Die Verteilung der Thorshämmer als einfache Anhänger in den Gräbern ergibt ein interessantes Bild. Von den 15 Körpergräbern mit Thorshämmern, die Jörn Staecker für Dänemark und Süd-/Mittelschweden auflistet, handelt es sich bei 14 Gräbern (93 %) um Frauengräber. Unter den sieben Brandgräbern mit Thorshämmern sind drei Männerbestattungen, zwei Frauenbestattungen und zwei Bestattungen können nicht sicher einem Geschlecht zugewiesen werden. Der Anteil von Frauenbestattungen liegt hier bei 29 %. Bei den vier Gräbern mit Thorshämmern aus Norwegen, die Sæbjørg Walaker Nordeide auflistet, handelt es sich um zwei Männer- und zwei Frauenbestattungen, das Geschlechterverhältnis ist also ausgeglichen.

Auf ähnliche Relationen kommen auch Krister Ström und Jasmin Lyman bei ihren Auswertungen der Verteilung von Thorshammerringen in den Gräbern Upplands. Basierend auf dem bis 1970 ausgewerteten Material gibt Krister Ström eine Verteilung von 60 % in Frauengräbern zu 40 % in Männergräbern an. Jasmin Lyman geht basierend auf einer kritischen Reevaluation von Krister Ströms Katalog und den seit den 1970ern angetroffenen Exemplaren von einer annähernd ausgeglichenen Verteilung aus.

Allerdings ist hier nochmals etwas archäologische Quellenkritik notwendig. Frauenbestattungen sind – zumindest in der Wikingerzeit – zumeist einfacher zu identifizieren als Männerbestattungen, da Frauen oftmals mehr metallene Trachtelemente wie Fibeln oder anderer Schmuck mitgegeben wurde. Da besonders bei Altgrabungen, teilweise aber auch noch heute, die erhaltenen Knochen nicht immer von Anthropologen untersucht werden konnten, bestimmte man das Geschlecht der Toten zumeist ausgehend von dem Fundmaterial (die sogenannte ‚archäologische Geschlechtsbestimmung‘). Findet man in einem Grab aber keine aussagekräftigen Funde vor, die eine solche Geschlechtszuweisung wahrscheinlich machen, gehen diese Gräber als ‚unbestimmbares Geschlecht‘ in die Auswertung ein, auch wenn anzunehmen ist, dass es sich oftmals um Männergräber handelt. Dieser Umstand würde auch den Anteil von Männergräbern mit Thorshämmern und Thorshammerringen erhöhen.

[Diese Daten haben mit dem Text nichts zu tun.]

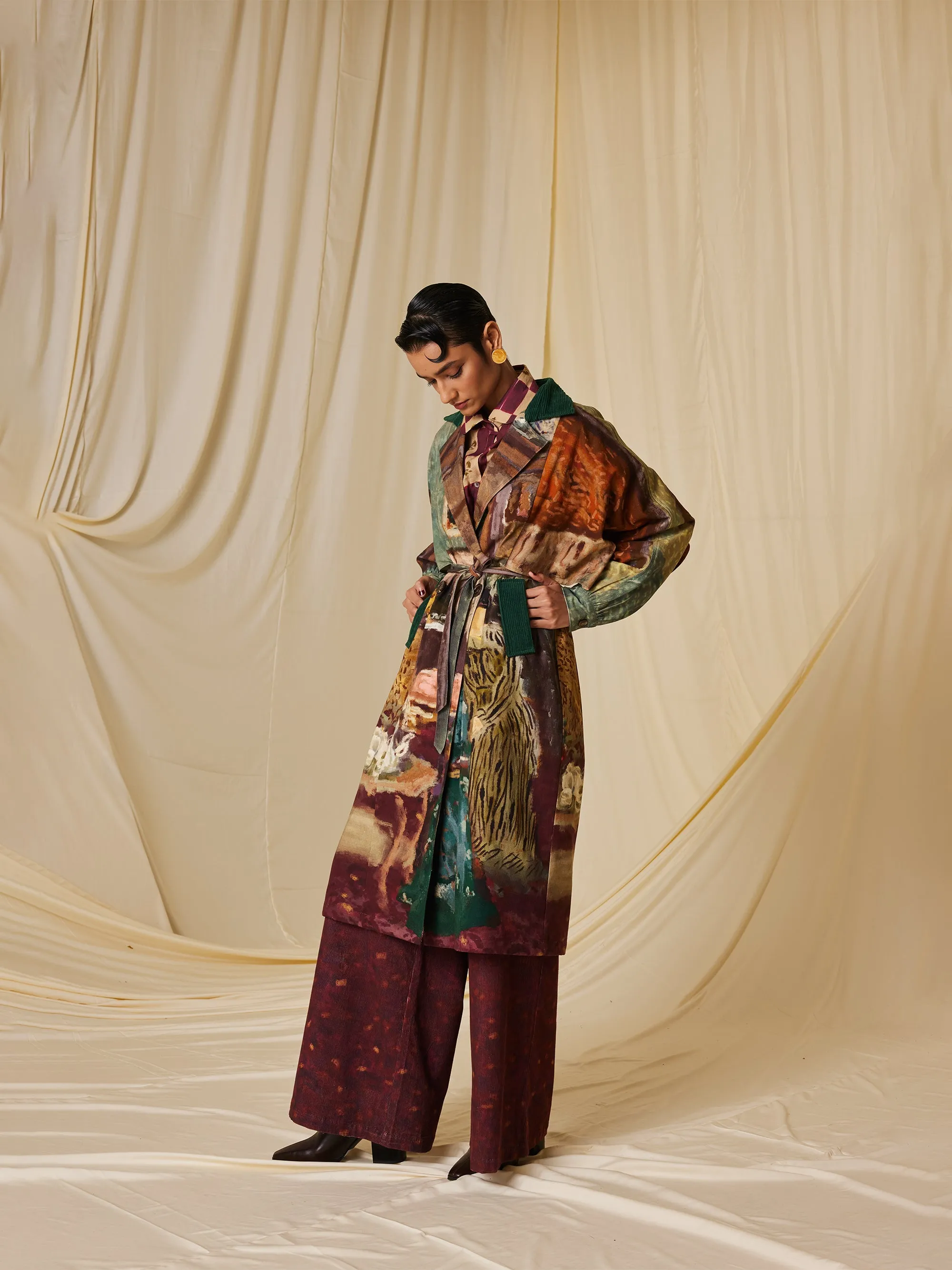 Rome Set sold by Cord product image thumbnail 3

Ein Fakt ist aber noch bedeutender: Ein Grab ist ein Grab ist ein Grab… das bedeutet nichts anderes, als dass Gräber nur bedingt Einblicke in die Lebenswirklichkeit der Menschen geben. Wir können ausgehend von den oben diskutierten Befunden nur schlussfolgern, dass die Sitte, Thorshämmer und Thorshammerringe in Gräbern zu deponieren, offensichtlich nicht auf Frauengräber beschränkt war. Ob Thorshämmer und Thorshammerringe aber zu Lebzeiten nur von Frauen, nur von Männern, von beiden Geschlechtern oder vielleicht sogar von niemandem getragen wurden, können wir nicht mit letzter Sicherheit entscheiden.

Der archäologische Befund zur Verteilung von Thorshämmern und Thorshammerringen in Gräbern ist also zwar nicht eindeutig, aber doch deutlich anders als in der eingangs genannten und so oft wiederholten Aussage. Thorshämmer waren keinesfalls ausschließlich ein rein weibliches Symbol.